Il cultive la différence avec une priorité, la performance et l’excellence. Passionné et volontaire, il dirige depuis 15 ans maintenant l’Academie de tennis qu’il a créée et reconnue comme l’une des plus performantes au monde. Ancien coach personnel de Marcos Baghdatis, Anastasia Pavlyuchenkova, Aravane Rezaï, Jeremy Chardy et Grigor Dimitrov, il entraîne désormais Serena Williams.  De passage à Maurice ( 9-23 courant, au Beachcomber Paradis Hotel au Morne) avec quelques joueurs pour préparer les prochaines échéances notamment l’Open d’Australie, il a accordé une entrevue à Week-End, parlant notamment des performances de la no 1 mondiale féminin et des objectifs de son équipe.
— Vous n’êtes pas à votre première visite sur le sol mauricien. Pourquoi privilégiez-vous cette destination ?

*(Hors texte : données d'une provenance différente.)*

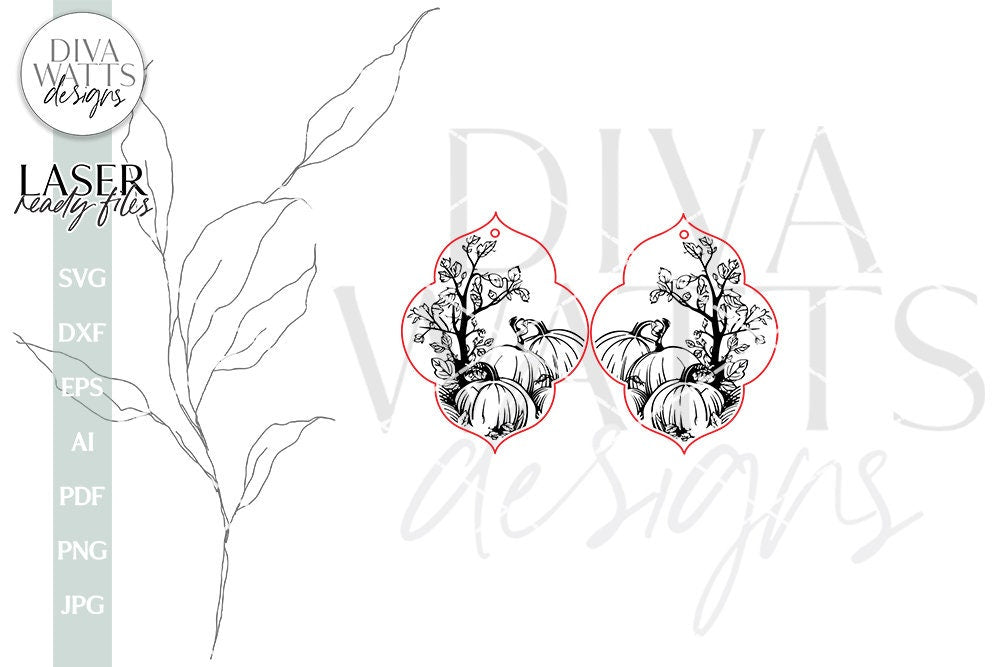 Pumpkin Earrings SVG For Laser Earrings With Fall Leaves for Halloween Earrings For Glowforge Fall Pumpkin Earrings SVG Fall Pumpkins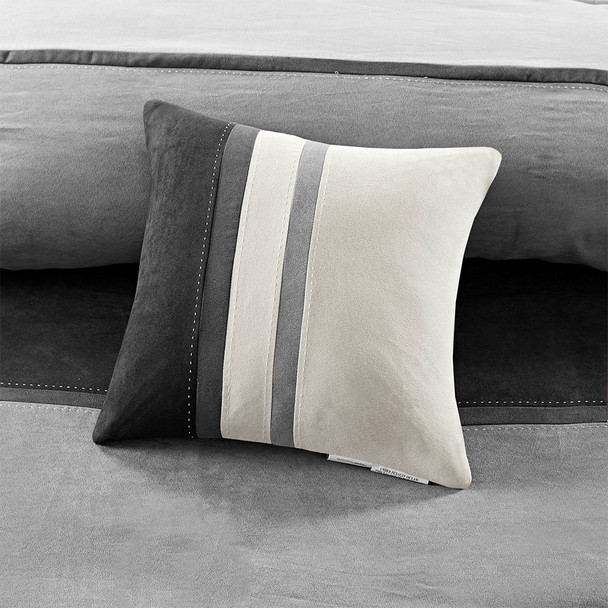 6pc Black & Grey Microsuede Duvet Cover Bedding Set AND Decorative Pillows (Palisades-Black-duv)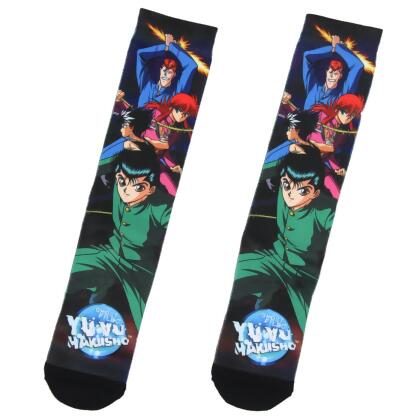 Yu Yu Hakusho Ghost Files Allover Design Men's Sublimated Crew Socks 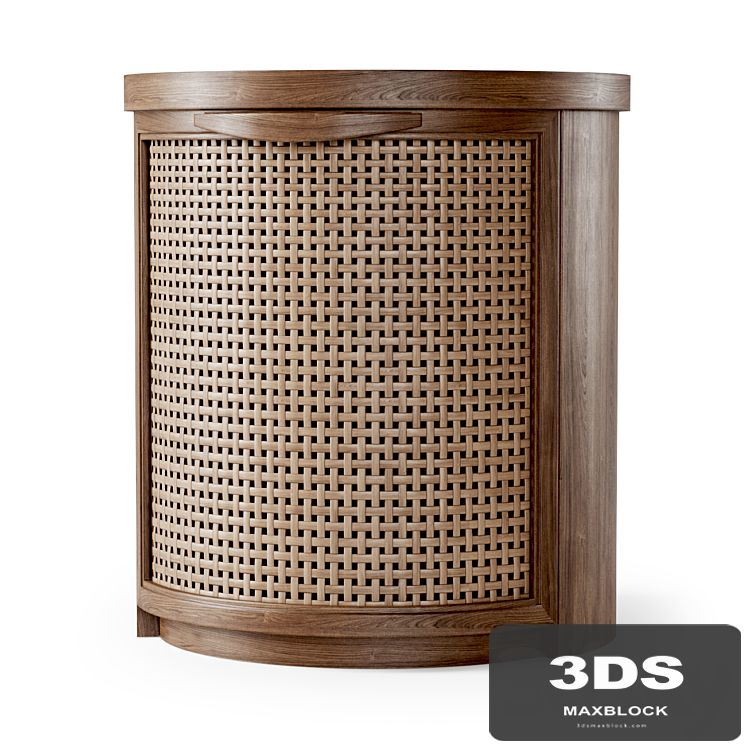 Wooden side table / Rattan bedside table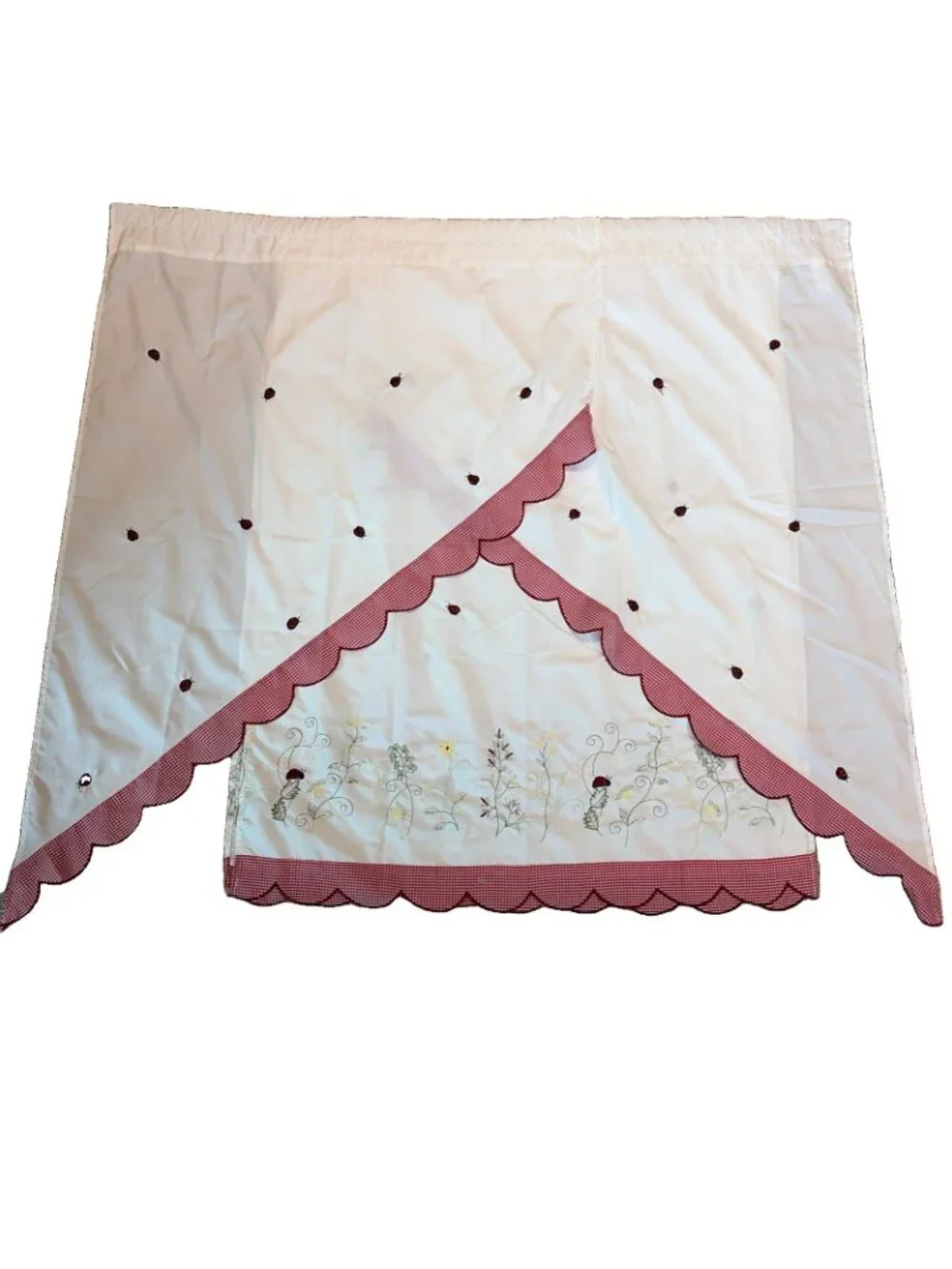Lorraine Ladybug Meadow Swag Valance & Panels Curtain Red Gingham Cottagecore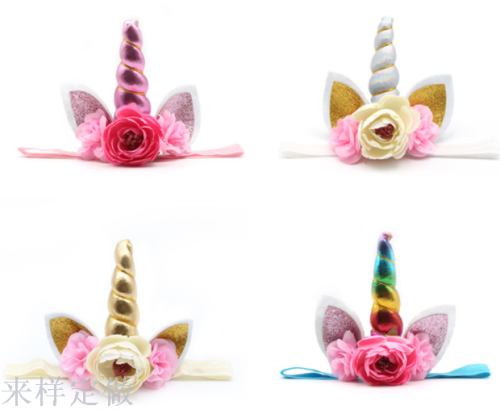 popular children‘s unicorn hair band artificial flower cat ear headband european and american festivals headband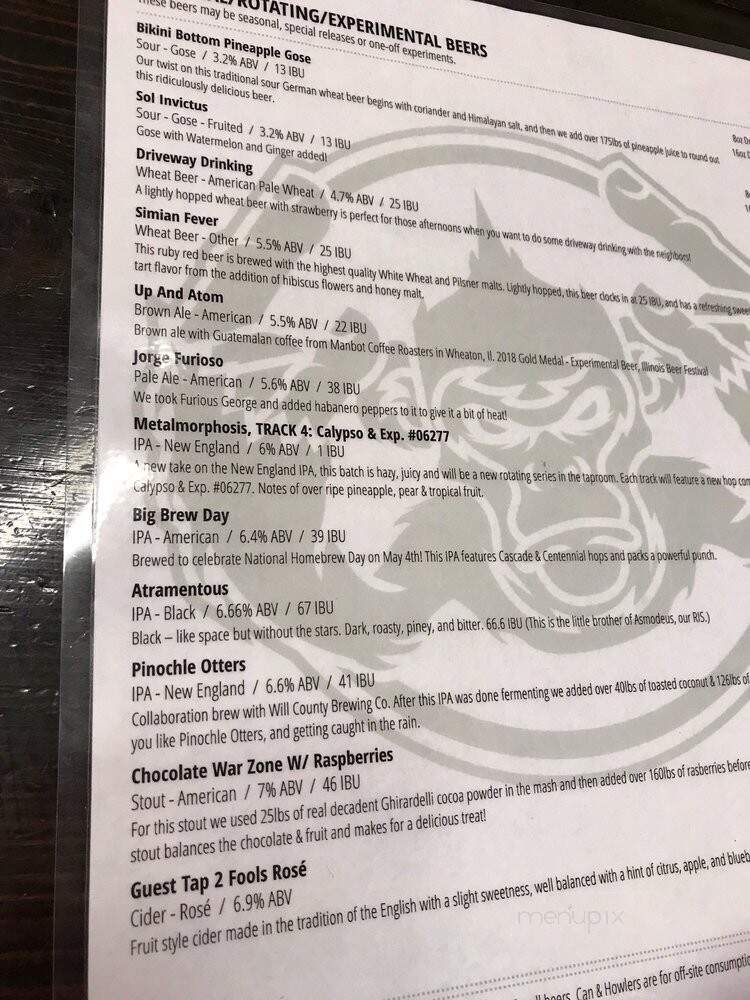 Metal monkey Brewing - Romeoville, IL menu_pic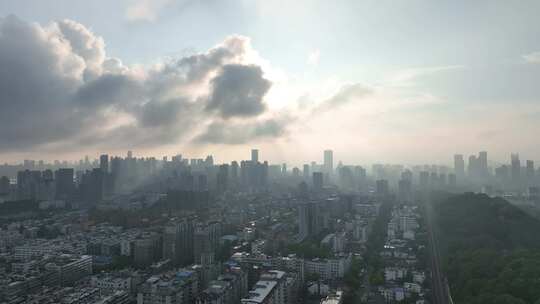 武汉城市日出航拍武昌区城市风光建筑剪影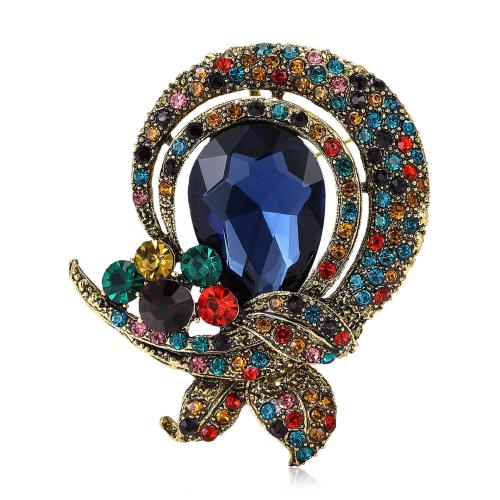 Zinc Alloy Brooches for woman & with rhinestone Sold By PC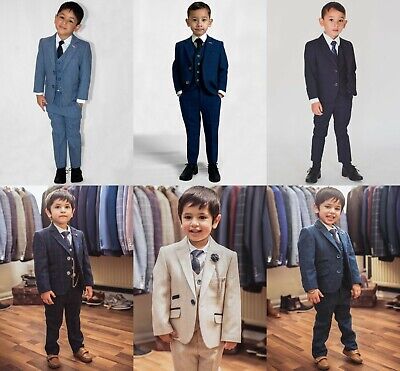 Boy's Children's Cavani Peaky Blinders Tweed Check 3 Piece Wedding Suit
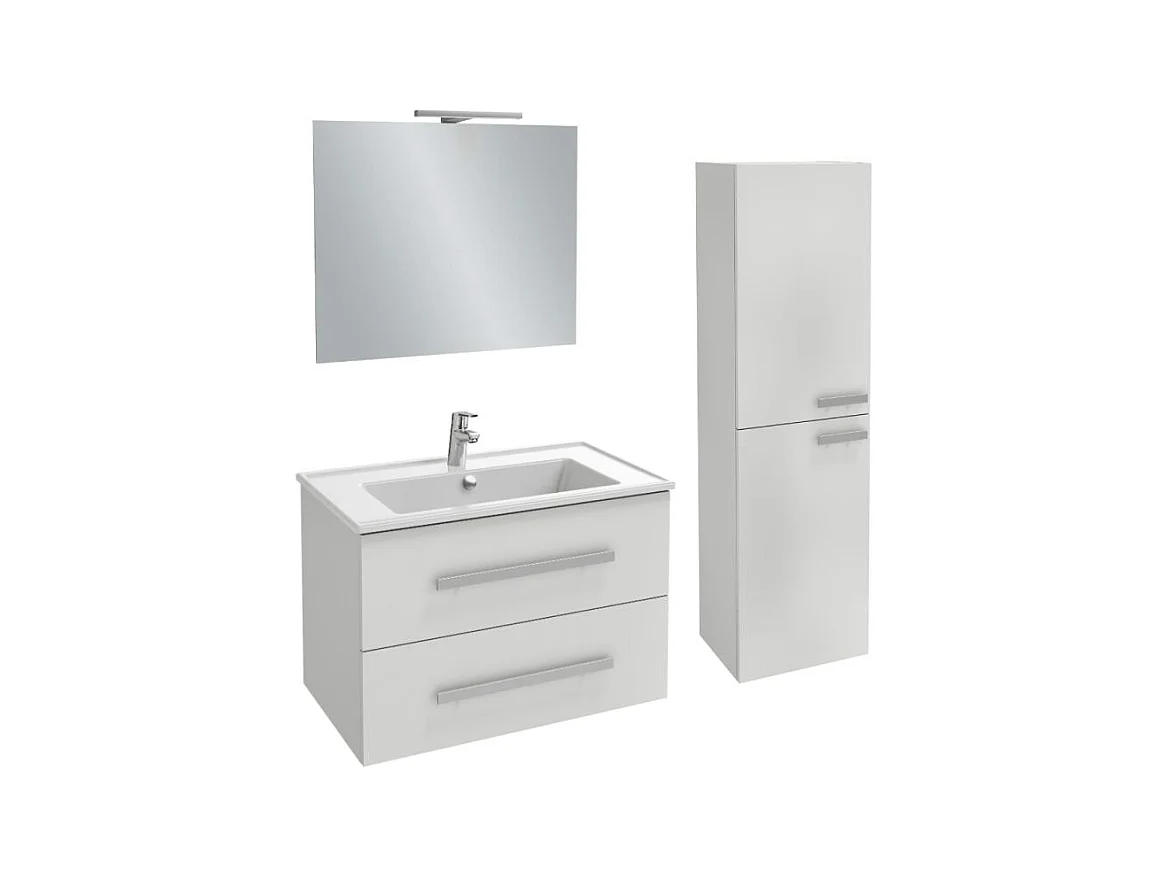 Pack meuble vasque 80 cm JACOB DELAFON Ola up blanc + colonne + miroir + spot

– J’en suis à ma 6e visite à Maurice avec mon équipe. Nous sommes très bien accueillis ici avec des conditions de travail qui sont vraiment exceptionnelles. Nous avons fait ce choix et nous ne l’avons jamais regretté. Nous avons à notre disposition un hôtel fabuleux et nous bénéficions dans cet hôtel d’un complex sportif avec des terrains de tennis, des salles de préparation physiques et de kinés. Et le peu de journée de repos que nous avons, mais qui existe quand même, nous en profitons pour nous détendre. C’est un lieu magique.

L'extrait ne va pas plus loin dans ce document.